I shared my daughter’s situation with other practitioners. One said, “People nowadays are immersed in a giant dye vat. Look at the CCP officials—how many of them don’t have mistresses? This is a manifestation of moral decay. Isn’t this current situation due to your attachment? Didn’t you notice your attachment before?”

Could it be that my daughter encountered this difficulty because she treated others similarly in a past life? I said to Master, “Master, I need to let go of my attachment of sentimentality.” During Fa study, whenever negative thoughts arose, I would reject them and correct myself. That deeply-rooted sentimentality gradually disappeared, and my daughter’s situation also calmed down.

Given this incident with my daughter, I realized that Master is always watching over his disciples, observing our every thought. Any unfavorable situation in our cultivation can be transformed into a positive one. Challenges and demonic tribulations are simply opportunities for me to improve and chances to look inward. This is the path I must take in my cultivation. Master has repeatedly reminded us to study the Fa more and more. Whatever problems or disturbances we encounter in cultivation, Master tells us in the Fa how to handle them. If I didn’t do well, it would truly be because I didn’t study the Fa well and enough, and didn’t truly assimilate myself to the Fa.

Cultivating Myself with the Fa

After I started making truth-clarification materials, I felt a sense of superiority. How so? First, I felt that I was better educated than the other practitioners around me. Second, I was better off financially, so I was obsessed with getting involved in different Dafa projects, wanting to do everything, which resulted in my falling behind in Fa study. Although I didn’t neglect doing the exercises, my xinxing didn’t keep up. This led to instances of losing focus when I sent righteous thoughts, and feeling drowsy during Fa study.
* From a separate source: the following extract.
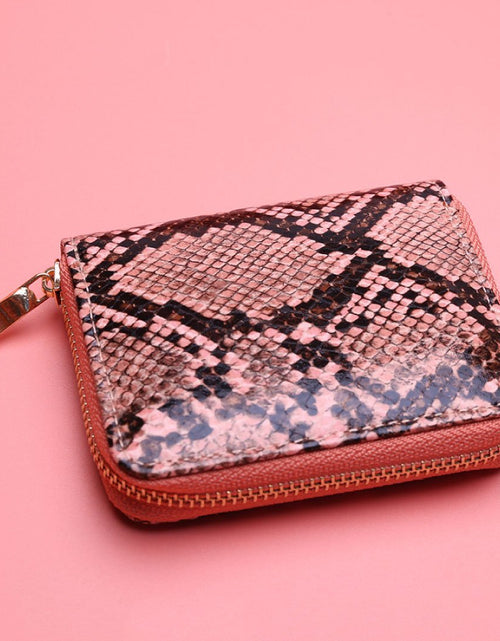 Load image into Gallery viewer, Python Print Zipper Wallet by ClaudiaG Collection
I was sometimes so drowsy when studying the Fa that I dropped my book. I didn’t study the Fa well and didn’t cultivate my xinxing, I was just like an ordinary person doing Dafa work. This persisted, and I couldn’t break free from it. It seemed as if I was cultivating Dafa, but in reality, I wasn’t cultivating myself. I kept busy, enjoying what I was doing and regarding doing the projects as cultivation.
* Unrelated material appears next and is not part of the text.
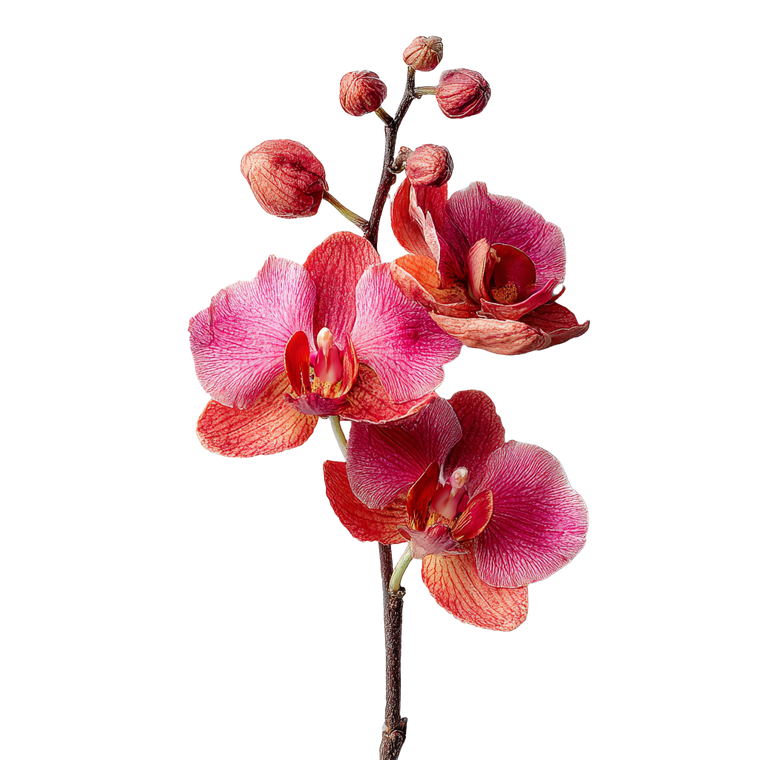 Orchid With Buds Vinyl Car Decal Sticker – Waterproof & UV-Resistant 3.4133333333333336"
Master saw that I wasn’t awakening and used other practitioners to enlighten me. During one group Fa study, Bei corrected a word I’d misread. Hua said, “She didn’t read it wrong.” That angered Bei, who said, “Wouldn’t it be better to read it one more time?” Then he turned to me and said, “You’re always drowsy while reading the Fa, and you often lose focus when sending righteous thoughts. What are you doing?” I was ashamed and couldn’t respond.

After dinner at home, I reflected on that exchange. I knew that what Bei pointed out to me was correct, and that other practitioners had pointed out similar issues to me, but I never took them seriously. This time, Master used their words as a heavy hammer to awaken me. I thought deeply and looked inward: After so many years of cultivation, had I truly assimilated into the Fa? Master repeatedly urges practitioners to study the Fa more and to study it well. Had I done that? I had the attachments of selfishness, being self-centered, resentment, vindictiveness, impatience, and arrogance, among others. I said, “Master, I’m sorry! Fellow practitioners, thank you! From today onward, I will correct myself.”
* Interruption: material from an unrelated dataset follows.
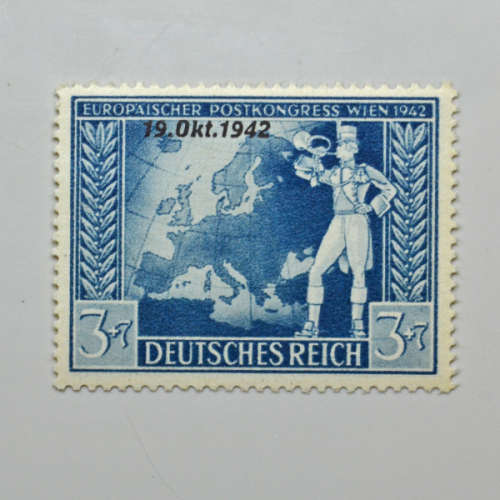 German Deutsches Reich 1942 As Previous Edition - Overprinted 19 Okt 1942 3+7Pfg - Blue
I started to focus on actual cultivation. When sending righteous thoughts, I would keep my eyes open. But it was not as easy as it sounds: Whenever I did close my eyes, my hand would fall. It was excruciating, but I persevered in denying it: “Drowsiness, you’re not allowing me to attain the Fa, I won’t listen to you.” I begged Master: “Master, I don’t want this drowsiness, it’s not me, and I don’t want it, I want to study the Fa.” In an instant, I was no longer drowsy.

Reading practitioners’ experience sharing articles is very helpful. One practitioner wrote, “Actual cultivation means using the Fa to rectify one’s thoughts and actions in daily life, continuously upholding the fundamental principles of Dafa. Only then can one truly improve.” I realized the seriousness of cultivation and the need to be meticulous. I have been steadily rectifying myself with the Fa and eliminating various attachments. After doing this for a while, I have reaped abundant rewards.